In today’s busy world we tend to put a lot of food into our bodies without considering what’s inside. Here are five healthy super foods you should start incorporating into your diet.
When it comes to oats, you may think of a smiling man wearing a wide brimmed hat and inviting you to live an idyllic farm life in upstate Pennsylvania. However, there’s a whole lot more to oats beyond its status as convenient breakfast food.
Recent research has shown that oats is an amazing food that lowers cholesterol, while its fibers can fill you up, resulting in less overeating and more weight loss. The copper, zinc, and niacin in oats are also good for your skin. Oats can also be baked into pastries, bread, and sprinkled over yogurt to make a parfait.
Wild Caught Salmon
Have you always wanted to go to Alaska?
You might be pleasantly surprised to know that a little taste of America’s last frontier contains antioxidants that lower cholesterol, prevent heart disease, and possibly reduce the effects of aging and the sun on skin.
The omega oils have also been clinically shown to reduce skin lesions and aid in healthy weight loss. Consider eating wild salmon a few times a week, grilled or baked, to ingest some of these curative properties from the ocean.
Head south of the border (for all those Americans reading) if you’re looking for the Green Hulk of super-foods. Consumption of avocados has been linked to healthy weight, less belly fat, and lower risks of diabetes and heart disease.
The vitamins C, E, and K within avocados are also great for your skin, and possibly prevent wrinkles and sun damage. Mixed with a little lime juice you can make guacamole or how about it sliced onto your salad?
This next food on the list may surprise you, but with all of the saturated fats that permeate our diet today, olive oil offers a healthy alternative that won’t cling to your arteries.
Olive oil also contains polyphenols, a compound found in many teas, that can prevent certain troublesome cells from causing colon and breast cancer.
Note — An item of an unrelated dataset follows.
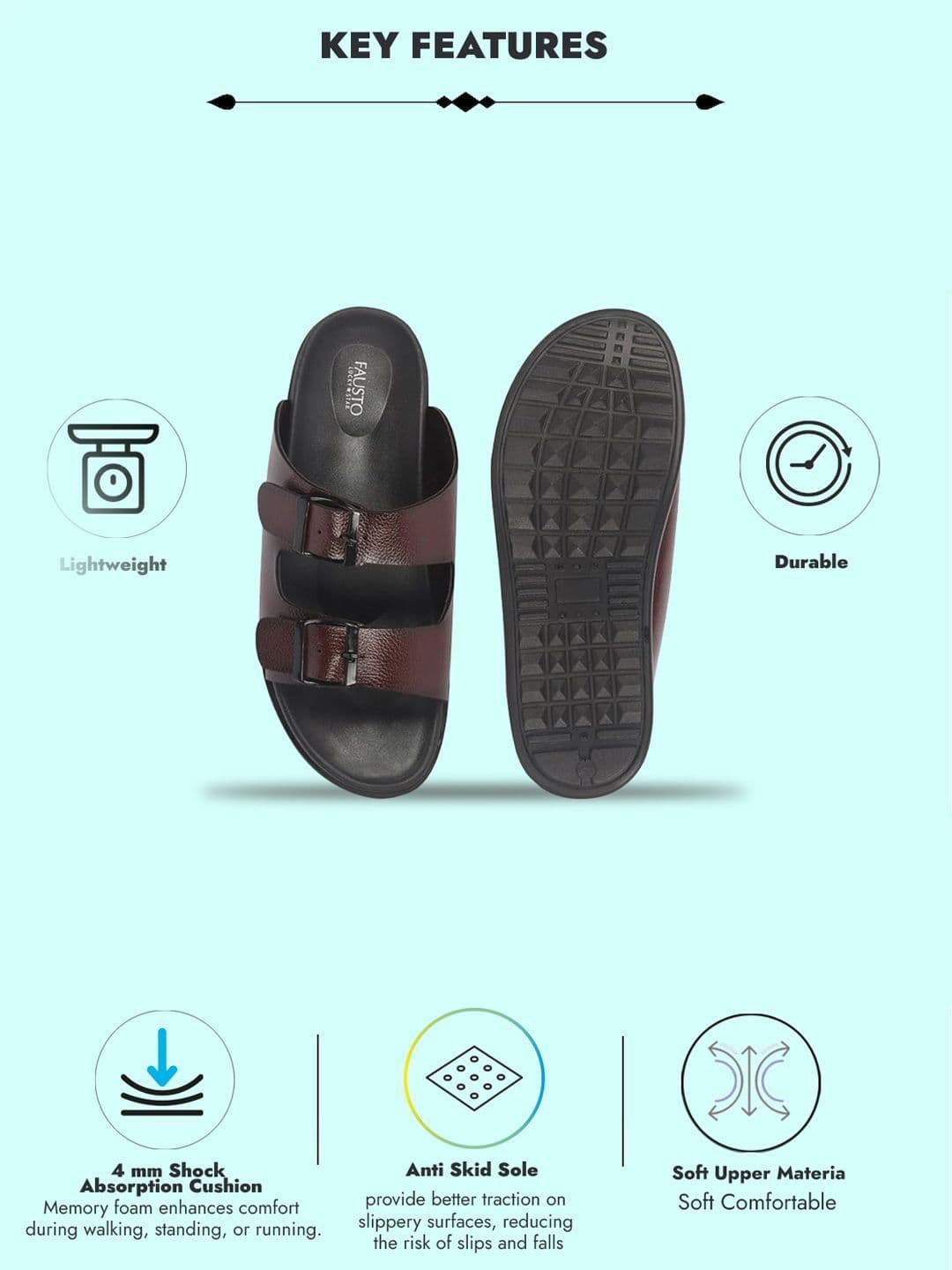 FAUSTO Men PU Comfort Sandals thumbnail 2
Olive oil can be used in a variety of recipes, and is a staple in Mediterranean cooking.
Broccoli gets a lot of bad press, but these little trees can make a veritable little super-food forest on your plate. It is filled with fiber, potassium, calcium, and compounds that reduce the risk of diabetes, cancer, and heart disease.
Two servings or broccoli carry two days of vitamin C, which is great for fighting the common cold. Don’t overcook your broccoli, as that can destroy many of its nutrients. Consider eating it raw (crunch, crunch) or lightly steamed.